We learned the males are rather aggressive to females, or at least persistent, during mating season and groups of males are known to pursue one female. Several manatee moved slowly in the translucent fresh spring water mixing into turbid sea water. They form groups laying and sleeping on the shallow bottom of limestone covered with mud at a depth of about 10 to 20 feet, occasionally coming up to the surface for air. “Don’t block their rise to the surface,” we were also told.

Every winter, thousands of manatees migrate south from the Atlantic Ocean to the Gulf of Mexico along western Florida coastal waters. They aggregate where 72 deg. F (22 deg. C) spring water discharges at a constant temperature as well as in steam discharge canals at power plants. Approximately 70 springs in Florida’s west coast flow out of limestone rocks discharging 580 million gallons per day or 400,000 gallons per minute. At the town of Crystal River, 30 natural springs flow into Kings Bay creating headwaters for the seven-mile long Crystal River ultimately merging into the Gulf. Here’s an interesting publication by USGS indicating movement patterns of manatee within Kings Bay as water temperatures change. The highest density of manatee concentrate in the Three Sisters Springs area and next weekend the Manatee Festival is coming to this same area.

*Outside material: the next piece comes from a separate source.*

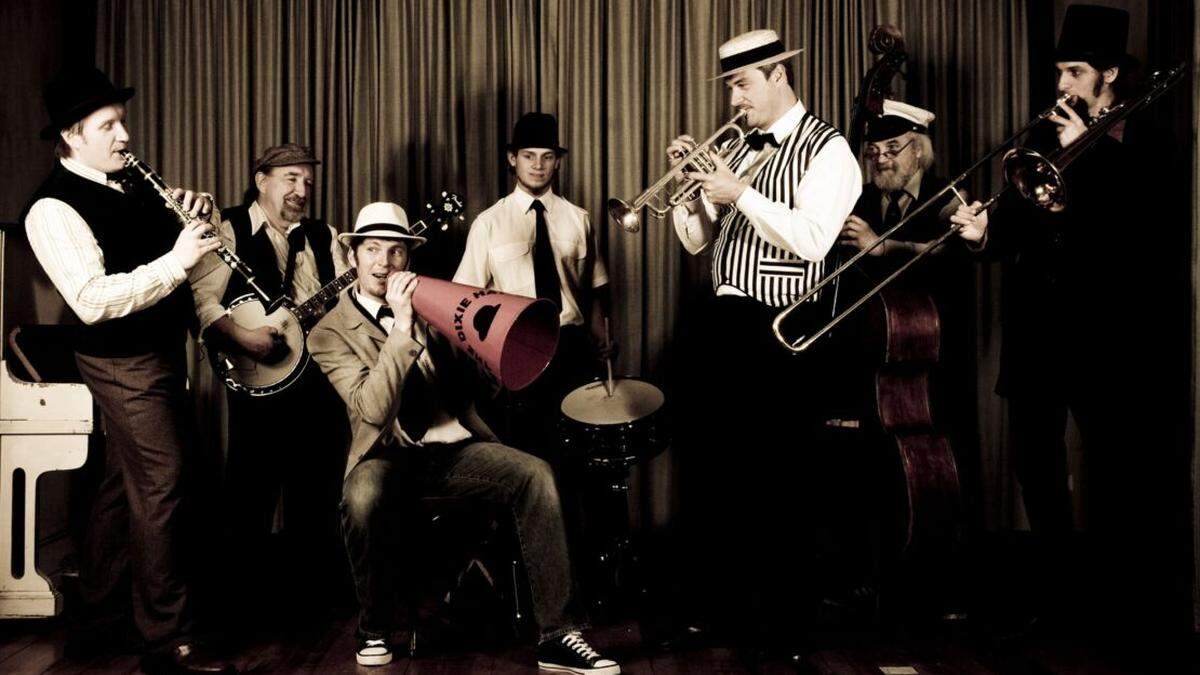 Die „Dixie Hats Jazzband“ tritt am 18. August bei der Bratlwirtin in Heilbrunn auf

We visited the small town Crystal River just two days before Christmas and three months after Hurricane Milton’s (Category 3) storm surge, and Hurricane Helene (Category 4) two weeks before that, brought 5 to 10 feet of muddy water flooding the town so the area continues to recover. We saw rebuilt businesses, homes being renovated, and numerous road signs and sunken ships remaining. The storm damage also affects the manatee food supply. Strong winds, storm surges, and pounding waves can uproot seagrass or bury it in sediments. Manatees thrive on eating seagrass, known as Manatee grass, needing about 100 to 200 pounds per day!

The Paddletail Lodge Best Western Hotel close to the waterfront provided friendly overnight accommodations and meeting location for catching a sunset cruise, joined by a family from Australia, and an early morning float. Arriving at 7 am, the tour guide with Waterfront Adventures showed us this video produced by the U.S. Fish and Wildlife Service on “Manatee Manners” showing beautiful images of the Crystal River National Wildlife Refuge with lots of rules to protect the manatees. A tour boat took three of us and another couple from India moving us within 15 minutes from shore to the refuge where large springs flow into the bay where we began our snorkel adventure.

Our experiences floating with the friendly manatee showed how interested they are in us and they seem to be able to sense when a person is staying calm and willing to get very close looking at us face to face. A male manatee, identified by the boat captain, followed our son back towards the boat making a natural connection.

We can support the region by visiting as tourists as well as contributing donations. Several non-profit organizations help to protect manatees including The Nature Conservancy, National Wildlife Federation and Save the Manatee Club which offers webcam videos.

I’d like to dedicate this blog to my friends King Stablein and David King, whom I thought about while visiting Kings Bay!